I really hope this fad is not here to stay because it doesn’t really fulfill any social needs. There are way more productive and better ways to spend your time than speaking with random strangers with bad intentions on the internet.
Just like most people, I had MySpace way back in the day, so I know how it used to be and how it has evolved into something not used by many people anymore. From my guy friends, I have heard all about Chatroulette, so, needless to say, I didn’t really feel like engaging with random people on the website and possibly running into some X-rated material (and I’m also currently in the library, so I have a feeling it would’ve been extremely awkward for anyone who happened to gaze over at my computer to see I was on Chatroulette). What’s left? Of course, that leaves I-Dosing. I wanted to see what it was all about, since up until Section last week, I had never heard anything about it.
I started off Google-ing the term, and came across a news video titled, “Oklahoma Bureau of Narcotics Warning Parents About I-Dosing.” It discussed parent’s concerns about their children and the evolution of I-Dosing throughout society. I happen to think that they have an irrational concern. I am not someone who has ever heard of this term before, so this is all going off of my gained knowledge from tonight, but I feel that possibly it is a generational thing. The generation of current parents did not grow up with the technology that we have today, so anything “out of the ordinary” like I-Dosing which claims to “make people high” and “simulate drug use” from different frequencies and digital sounds absolutely scares adults to no end. The idea that technology and noise can do what I-Dosing claims it does makes worried parents react in a way which seems concerning.
I listened to a few videos tonight, which consisted of different pitches and levels of noise, and if anything, it reminded me of an airplane taking off from the runway, or a calming ocean. It did not seem like anything around me was changing, I was just clued in to how annoying it was, and spent my thoughts wishing it would stop. The YouTube videos of the reactions of teens portrayed an image that I-Dosing actually works, and I beg to differ. Curious teenagers want to experience this phenomenon, and in all honesty, its for nothing…I-Dosing, in my opinion, does absolutely nothing.
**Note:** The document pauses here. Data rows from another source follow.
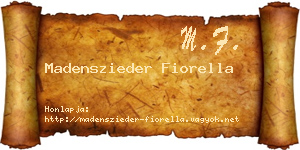 Madenszieder Fiorella névjegykártya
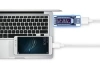 KWS-V20-BLUE | Digitální voltmetr | USB tester | Měřič spotřeby napětí a proudu | Multifunkční zařízení pro kontrolu kapacity baterie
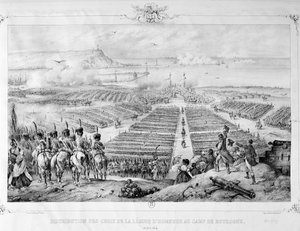 1804年、1804年8月16日、ブローニュのキャンプでの軍団の十字架の分布 作： Unbekannt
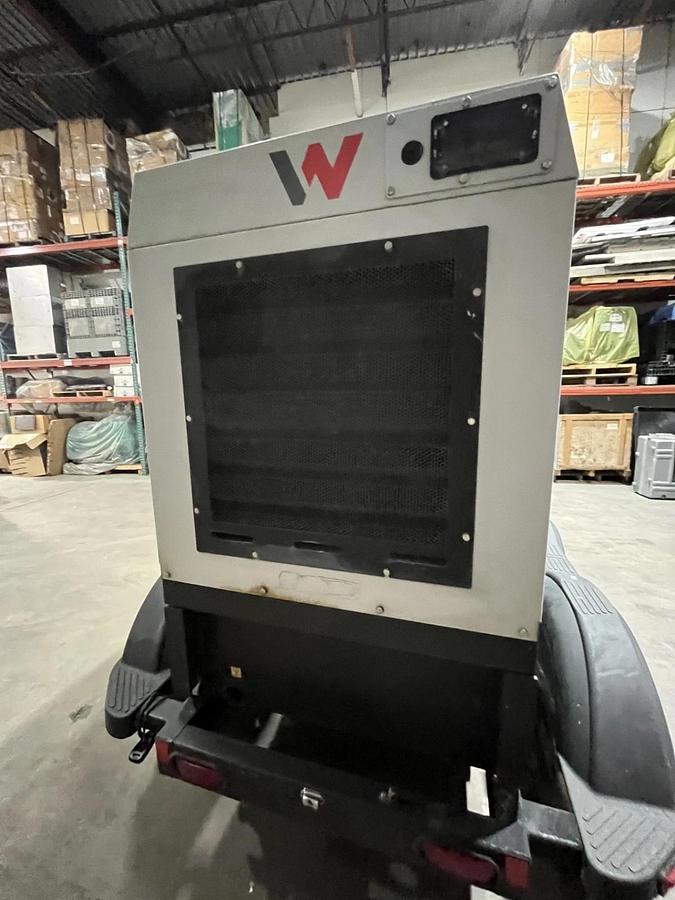 Used 70kva Wacker Neuson G70 Mobile Diesel Generator - S/N: WNCGMM01HPUM00830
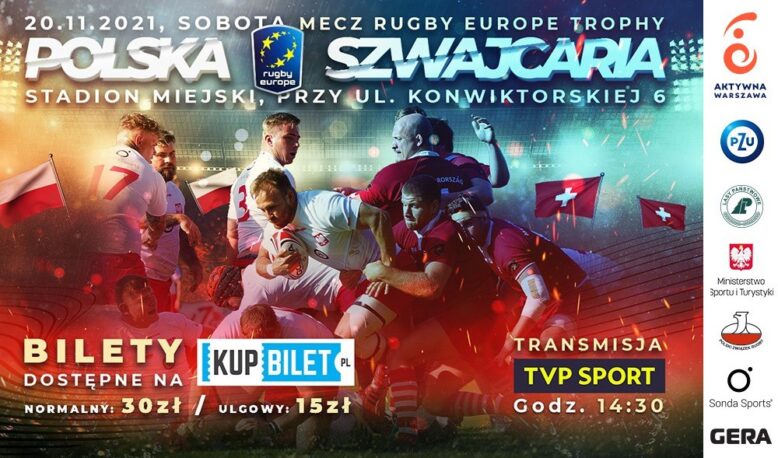 Rugby Europe Trophy 2021/2022: Polska - Szwajcaria / polskie.rugby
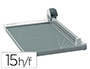 CISALHA ROTATIVA LEITZ PRECISION OFFICE A3 BASE MADEIRA PLASTIFICADA COMPRIMENTO CORTE 457 MM CAPAC. DE CORTE 15 F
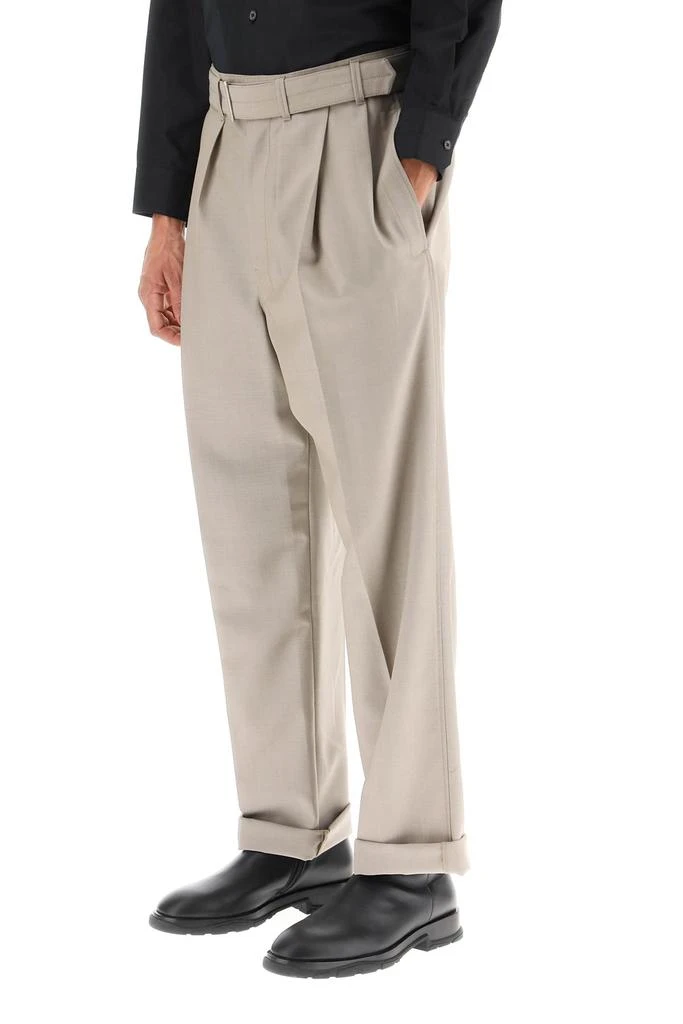商品Lemaire|Lemaire Belted Wool Blend Trousers,价格¥2606,第4张图片详细描述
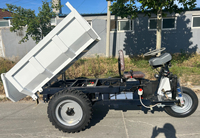 Mini-dumper électrique à batterie de marque Gudao Andes, chargeur frontal, chargeuse sur pneus, capacité de 1,5 à 2,5 tonnes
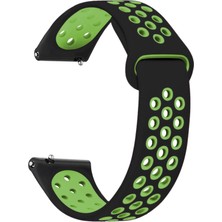 Microsonic Haylou Solar LS02 Rainbow Sport Band Kordon Siyah Yeşil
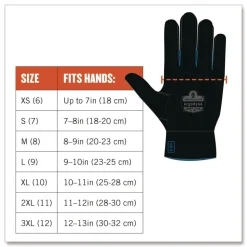 Ergodyne ProFlex 7501 Coated Waterproof Winter Gloves - 2X-Large Gray (1-Pair)
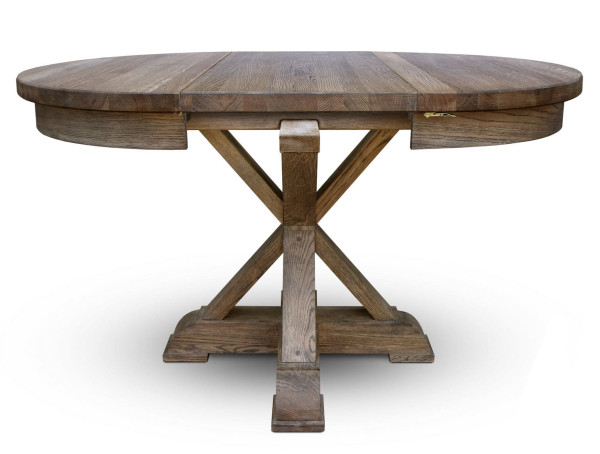 Розкладний обідній стіл Skandinave RONDO-GRANDE Дуб-3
I was actually listening to the “Gates of Hades” I-Dosing video while writing this blog entry, since I saw in someone else’s post that was a common one, and I didn’t come across it in my studies…just like all of the others, it has not phased me at all (and now it’s even sounding like an annoying, moving train, which is making me laugh, but that’s just me and my imagination I guess). You know how after you go into an ocean you feel like you’re in waves hours later, where you can literally feel it after the fact? I thought that was what I-Dosing would be like. It wasn’t at all.